Un projet scolaire n’a pas à être adopté si les clivages nés autour de l’idée de la légitimité d’appartenance à l’entité de référence n’étaient pas rasés. Cette appartenance devrait se justifier par des motifs ontologiques. Terrible ! Cela est pire que l’Existence, laquelle nous dit que le parcours que nous devons faire est un enfer adouci par la douleur générée par l’Histoire. Si l’école doit être une préoccupation de tous les personnages publics, cela ne veut pas dire que la psyché collective (concept qui revient dans les travaux de Durkheim) peut se passer de la fondation historique de la Nation. Le passage politique est inévitable, contrairement à ce que veulent nous dire les divers intervenants dans la polémique relative à l’enseignement de l’arabe populaire. Il se voit, dans tous les coins de l’Algérianité, que les forces de la régression agissent partout et au nom de tout.

La reddition des forces résistantes

Disons-le sans complexe, elles n’ont aucun scrupule : tout est bon pour la conquête historique des espaces autonomes occupés par la Réflexion. Ces forces sont, avec la reddition des forces résistantes, dans la mise au pas de la réflexion. La fin de la réflexion a été signée par les élites bourgeoises (contraintes à marchander leurs savoirs) et par les consciences organiques (lassées d’attendre le fond populaire venir adhérer à un projet accroché à la défense du soi collectif dans l’arène des luttes civilisationnelles). Il ne faut pas oublier que l’impérialisme s’exerce au nom de toutes les morales, inversement à ce que nous disent les acteurs politiques doublement cloîtrés, physiquement dans les salons d’Alger, et idéologiquement dans les mystifications esthétisantes de la présence historique. Le narcissisme de certains dirigeants politiques altère sérieusement leur doctrine et atteste de la vision qu’ils ont du peuple, lequel ne cesse d’être caricaturé, imagé, fantasmé, voire moqué. Le populisme est antipopulaire. Beaucoup de dirigeants n’aiment voir en le peuple que leurs fantasmes, lui interdisent la réflexion autonome et le prennent pour un objet qui s’exécute aux grilles qu’ils ont établies.

Le débat est réduit à la personne de Mme la Ministre, comme si l’idée devait s’incarner dans une personne. Le clivage tracé par les officines du pouvoir politique transparaît. Mais pour défendre un agent officiel, l’on devrait s’acquitter du devoir de ne pas perdre de vue les oubliés des passions hégémoniques. Les passions de la stratification intra-collective sont sécrétées par les forces conservatistes converties à la morale ontologisée. Il s’est institué une tradition selon laquelle le chef doit être protégé des critiques. C’est terrible comme perception de la chose : la critique protège du jugement, lequel mène à la morale, voie directe vers l’insulte.
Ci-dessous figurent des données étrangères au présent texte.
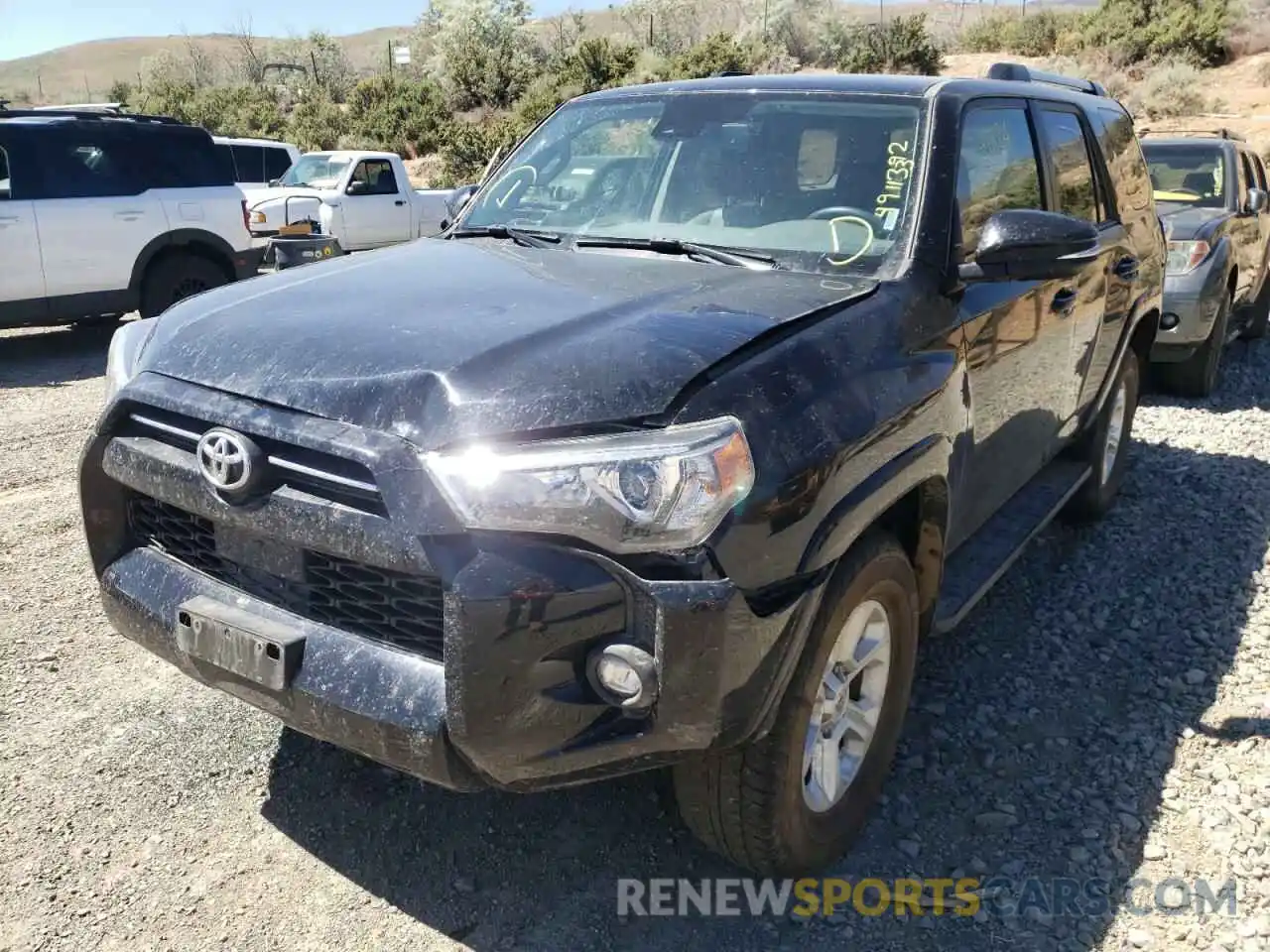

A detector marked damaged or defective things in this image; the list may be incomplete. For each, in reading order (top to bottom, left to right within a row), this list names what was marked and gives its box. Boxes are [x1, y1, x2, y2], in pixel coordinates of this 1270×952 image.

dented hood crease [136, 238, 873, 446]
damaged front hood [136, 237, 873, 449]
Je ne me permettrai pas de défendre une personne qui a retrouvé sa part au sein de l’Histoire, en choisissant le camp des oppresseurs. Les officiels sont bien entourés matériellement. Prétendre qu’ils méritent une couverture compassionnelle, dont on ne voit qu’un décalage perverti des normatifs sentimentaux, ne fera que légitimer les topos conventionnels (contraires aux prétentions scientifiques) qui revoient à la passion collective. En termes plus communs, l’on peut parler de l’alchimie des émotions : ajouter de la compassion au confort garanti par les corporations en charge de protéger l’officiel ne fera qu’enfoncer les classes précaires dans la haine de soi et dans la dévalorisation permanente de la posture onto-praxique.

Pour couper court, il faut dire que les officiels se savent : ils gagnent, ils se protègent, ils horrifient l’Histoire. La haine affichée à l’égard de la Ministre relève de la psychopathologie, nihiliste, qui veut saboter l’intérêt collectif du futur. Pour les gardiens du temple, l’enfant doit être le soldat qui continuerait l’œuvre d’autodestruction amorcée par les égarés de la spiritualité. Quant au progrès, l’enfant aurait tout intérêt de canaliser une pensée que la Raison pourrait, croient les "éclairés", pervertir.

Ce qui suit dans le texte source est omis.